Because the truth is, Go Set is irritating and plodding. Throughout the novel, Jean Louise keeps tugging at the reader’s sleeve as if to say, aren’t these Southerners backward, horrible and racist, and aren’t I oh so enlightened? The narrator can’t stop reminding us that she and she alone is different from her bigoted neighbors. To me it’s a supremely self-conscious and self-referential book, while To Kill a Mockingbird was nothing like that. You just swam with those characters, forgot there was some writer tinkering behind the scenes to create an effect. Also, instead of developing a juicy plot, Lee arranges for endless debates between father and daughter. Feels like a bunch of talking heads. At times, I wanted to throttle Jean Louise (and Harper Lee) for letting me down. Here are the gems, though: many of her descriptions, her childhood stories and memories, glancing references to a trial that was a miscarriage of justice, flashes of great dialogue. You can see the promise, the wit, the humor, but even still, I never would’ve made it through the book if I hadn’t read Mockingbird first.
A terrible disservice was done to Harper Lee. Go Set a Watchman never should’ve been published, even if its Amazon rank is, as I write, 1,691. (Some say she was tricked into it.)
Then it was revealed that Go Set was written before Mockingbird. An editor read Lee’s manuscript, didn’t think it was publishable as it was, and suggested Lee revise and retell the novel from the point of view of Jean Louise – Scout – as a young girl growing up in Maycomb. I think this editor also suggested Lee develop and dramatize the trial that is alluded to in Go Set, which became the anchor of Mockingbird. In short, she told her to scrap the book and write another.
Lee listened. It must’ve taken a lot of courage to throw out all those lovingly crafted pages and radically re-envision her book. Lee went back in time by two decades, she assumed a child’s voice, she took a gentle bigot and turned him into a morally courageous lawyer fighting injustice, and she managed to do all that with lots of feeling and hardly any schmaltz. (Okay, maybe just a teaspoonful.)
Aha. So Go Set a Watchman is not a sequel but a prequel, or – in a way -- the first draft of To Kill a Mockingbird. Once I realized that, everything shifted.
Now I think of Go Set when I sit down and try to muddle my way through a first draft and it seems hopeless and off, nothing I want to bother with or put my name to. And yet – I tell myself -- maybe buried in that mess, some wonderful novel is aching to emerge. It doesn’t merely need an edit or a few revisions but requires an entirely new conception.
And that’s why I’m so inspired by Go Set, even with its poor plotting and tiresome preachiness.

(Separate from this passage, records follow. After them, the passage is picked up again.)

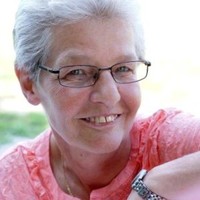 Marga Knuman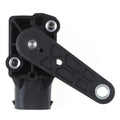 Car Suspension Height Level Sensor for Mercedes-Benz W220 (2000-2006)
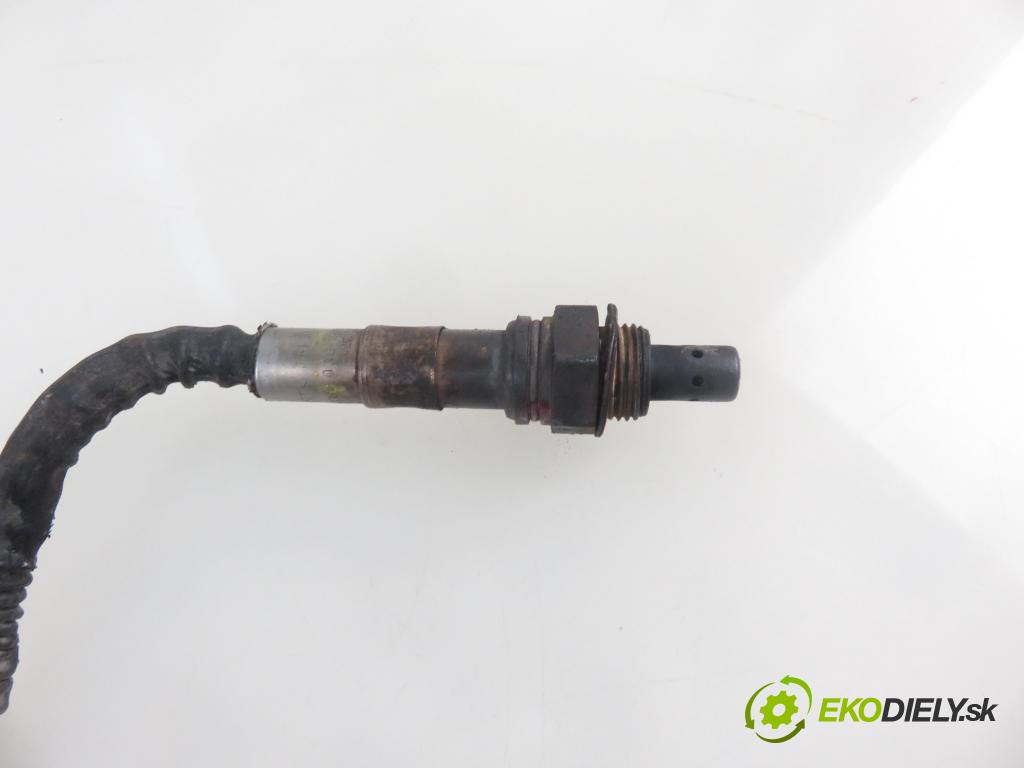 VW GOLF IV (1J1) HB 2000 77,00 1.6 16V - AUS 1598,00 sonda lambda 036906262E (Lambda sondy)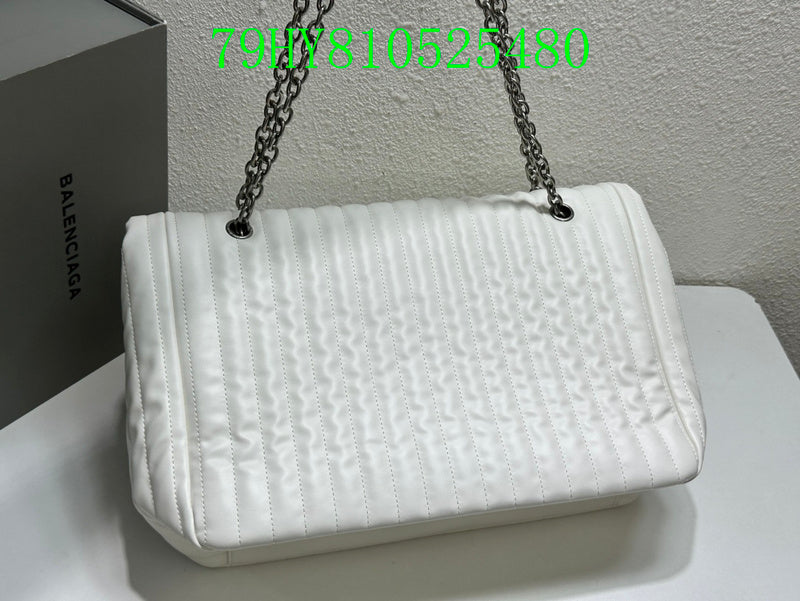 Amelia - BGA Bags - 1773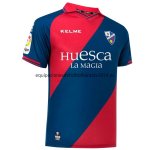 Nuevo Thailande Camisetas Huesca 1ª Liga 18/19 Baratas Nuevo Thailande Camisetas Huesca 1ª Liga 18/19 Baratas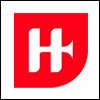 Supported by 28 branches around the UK. The Robert Horne Group are the UK’s leading supplier of paper, board and plastics.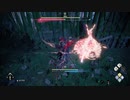 検証！41歳は『Wo Long: Fallen Dynasty』をクリアーできるのか？【ネタバレ注意】41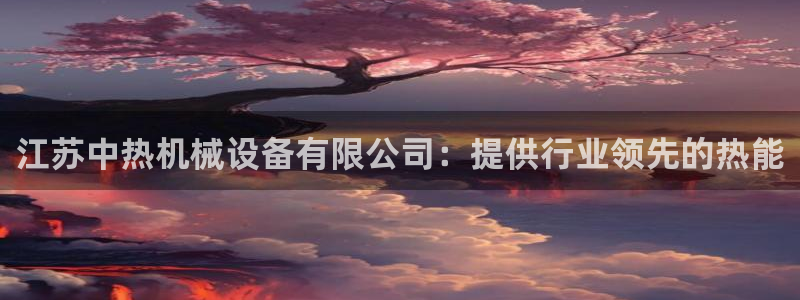 九游j9国际站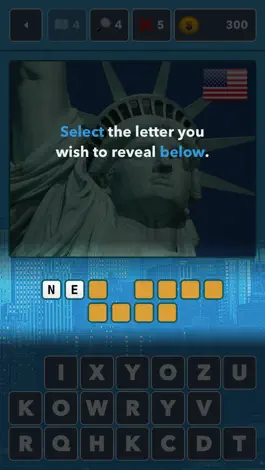 Game screenshot City Quiz - Guess the Skyline hack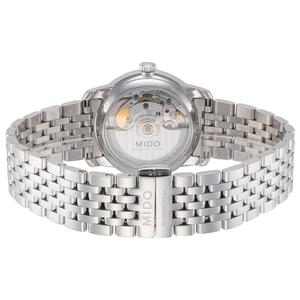 Đồng Hồ Nữ MIDO Baroncelli Women's Watch M027.208.11.016.00 Chính Hãng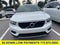 2021 Volvo XC40 Momentum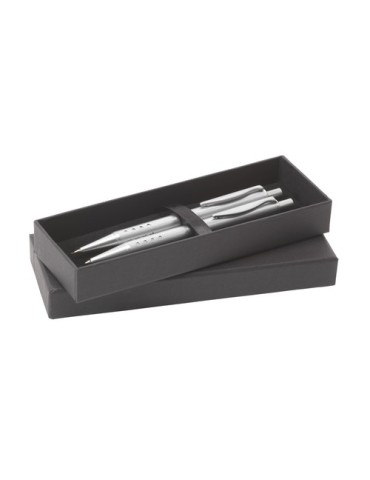 Gift Box boîte stylo 2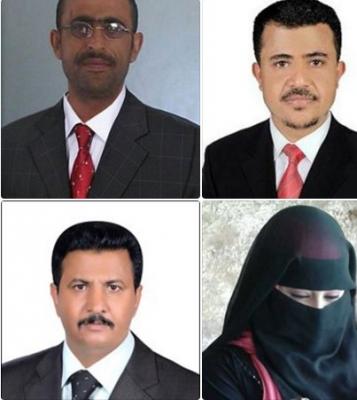 الانشطة المدرسية…… الدور الغاىب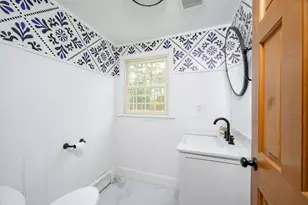 51 Oletree Rd, Pembroke, MA 02359 - Photo 21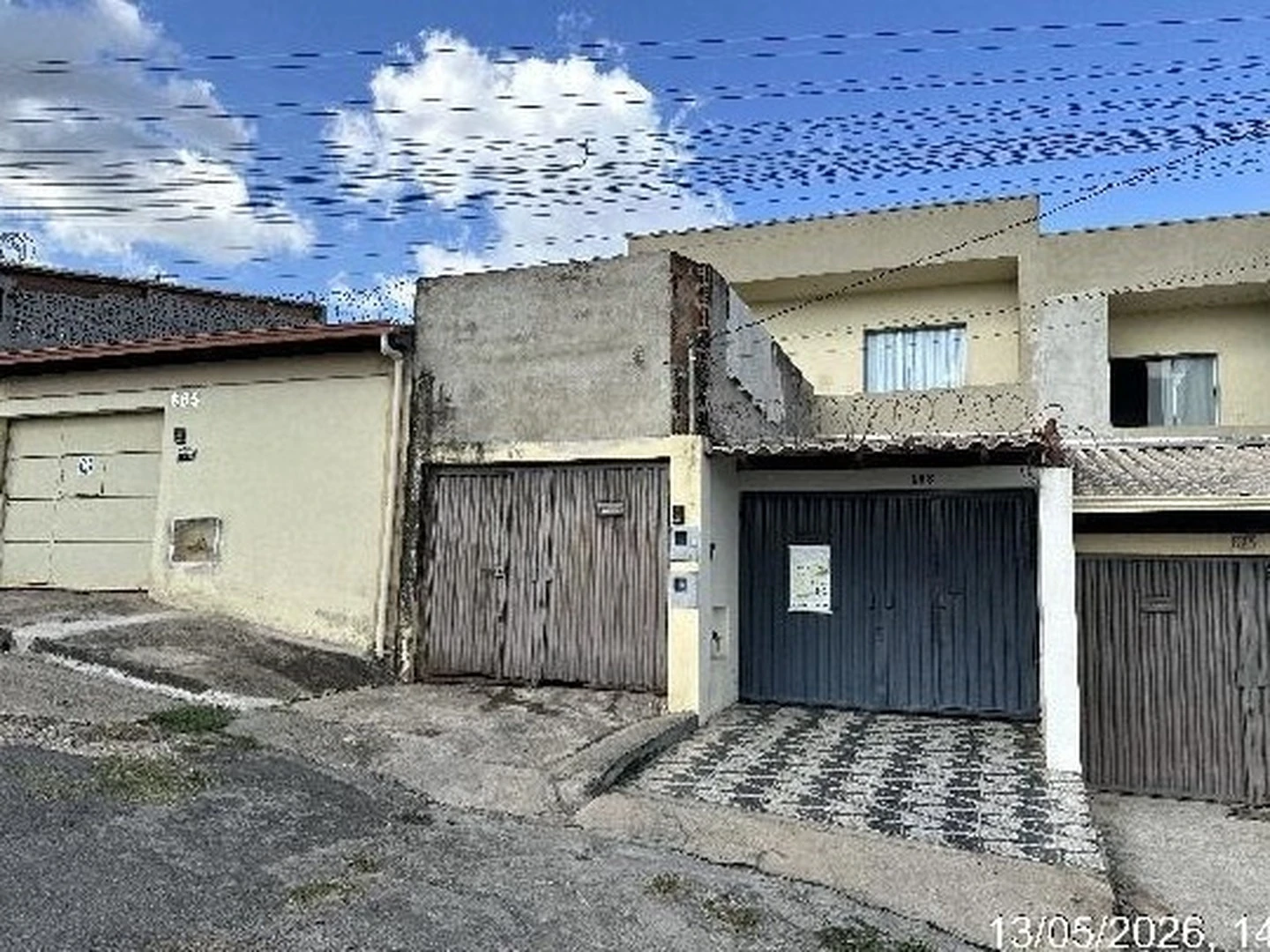 Apartamento - Divinopolis, MG - foto 1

Because look what came from it – To Kill A Mockingbird, which remains an iconic beloved novel till this day. She didn’t let her first draft/book defeat her.
P.S. Anyone know the name of Lee’s first editor? She is the unsung hero.
P.S.S. Go Set A Watchman is taken from the verse in Yishayahu, Chapter 21. No surprise that the best titles come from the Torah.
Read something you wrote years ago, a piece of writing that you “gave up” on, but still beckons to you in some mysterious way. Pretend it’s someone else’s story. See where the real drama is, its life pulse. Christopher Vogler writes, “An effective story grabs your gut, tightens your throat, makes your heart race and your lungs pump, brings tears to your eyes or an explosion of laughter to your lips.” Notice if you feel anything in your body as you read a particular section. Then come up with a new plan for a different book, a radical re-envisioning, allowing your earlier work to serve as the springboard. Write for half an hour and see what happens. Or if you can’t do it alone, maybe a wise reader or editor can offer you a different set of eyes, suggest an angle you might not have considered.